Le Musée des beaux-arts du Canada (MBAC) a un nouveau bébé. Un gros bébé. Faites un voeu de naissance! Eh oui, c’est Une fille!
Le Musée a effectivement ajouté une pièce de taille (c’est le cas de le dire!) à sa collection d’art contemporain en faisant l’acquisition d’Une fille du sculpteur hyperréaliste Ron Mueck. Avec Tête de bébé (2003), Sans titre (vieille femme au lit, 2000) et maintenant ce nouveau-né de près de 500 livres (!!), le MBAC possède maintenant 3 des 33 ahurissantes sculptures qu’a conçues cet artiste londonien d’origine australienne.
Cette acquisition a été rendue possible grâce à un don de 500 000 $ de deux passionnés d’art, soit F. Harvey Benoit et la Dre Lynne Freiburger-Benoit. Leur don individuel est le plus important jamais reçu par le MBAC pour l’achat d’une oeuvre. C’est que le couple d’Ottawa avait été profondément ému par les sculptures de Mueck lors de sa visite à l’exposition, autant sur le plan visuel qu’émotionnel. Rappelons que le MBAC présentait, en exclusivité canadienne, 16 oeuvres de Mueck pendant 9 semaines au printemps dernier, accueillant pas moins de 83 500 visiteurs.
Les deux collectionneurs d’art avaient alors été particulièrement frappés par la réaction des visiteurs, par leurs interactions: "Je n’avais jamais rien vu de tel. De parfaits étrangers qui parlaient entre eux et qui révélaient leurs réactions très personnelles", expose la Dre Freiburger-Benoit dans le bulletin de la Fondation du Musée des beaux-arts du Canada.
Il s’agit là de l’effet Mueck: les petits comme les grands sont chamboulés par une pluie de sensations paradoxales devant les humanoïdes plus petits ou plus grands que nature. Pour ma part, j’avais été envahie par un mélange d’inquiétude et de crispation doublé d’une immense empathie pour les 16 créatures qui s’offraient à mes yeux. Chaque fois que je repense à l’expo de Mueck et à ses personnages si réels, un court-circuit se fait automatiquement dans mon esprit. C’est que son travail heurte tout ce que vous avez de plus humain, de plus charnel.

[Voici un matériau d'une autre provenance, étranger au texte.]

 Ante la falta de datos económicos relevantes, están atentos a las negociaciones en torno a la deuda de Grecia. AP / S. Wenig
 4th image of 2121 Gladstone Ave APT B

La sculpture Une fille était une des oeuvres percutantes de la présentation. Dans son souci du détail anatomique, Mueck y représente un bébé encore tout visqueux, tout fripé d’être sorti in extremis du ventre de sa mère. La taille immense du bébé évoque le moment crucial de la naissance dans ce qu’elle a de plus primaire. Et malgré son état d’intense vulnérabilité, le poupon impose son autorité. La chair nue du nouveau-né géant laisse entrevoir le sang de la mère sur les pores de sa peau, mais aussi les petits os et veines qu’elle renferme; comme si on avait pu entendre sa première respiration, son premier cri dans ce monde déjà trop petit.

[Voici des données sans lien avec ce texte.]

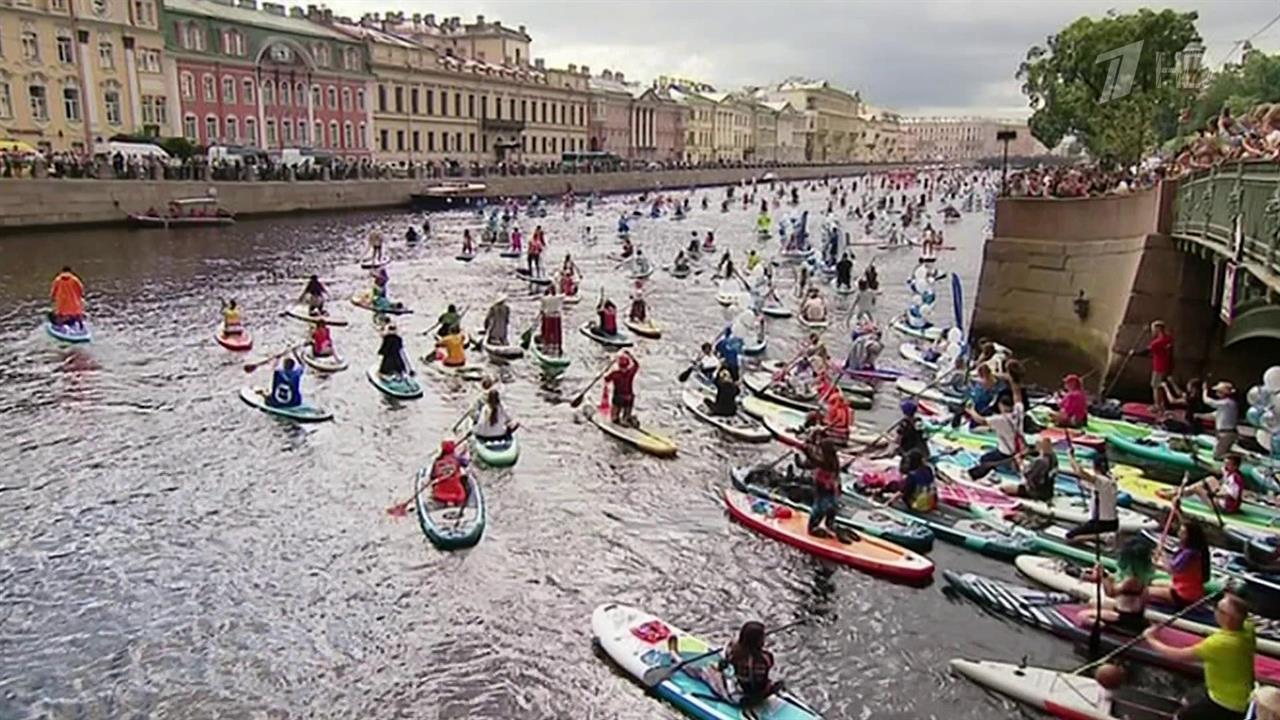 Петербург на один день погрузился в атмосферу масштабного карнавала на воде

Après Maman d’Hélène Bourgeois – cette énorme araignée qui accueille en bonne hôtesse les visiteurs depuis la rue Sussex -, je considère que l’acquisition d’Une fille est une des plus audacieuses qu’a faites le MBAC ces dernières années. Parce qu’il faut le dire, l’oeuvre de Mueck est controversée ou, tout au moins, provocante. Mais elle marque son spectateur d’une manière définitive avec ses petits miracles de création au grand pouvoir d’évocation. En accueillant cette sculpture de Mueck de manière définitive sous son toit – en plus des deux autres et d’un bon nombre de maquettes et de matériel préparatoire -, le MBAC peut maintenant se targuer d’avoir une collection plus représentative de ce virtuose de la sculpture, une collection qui n’en sera que plus riche et hors du commun.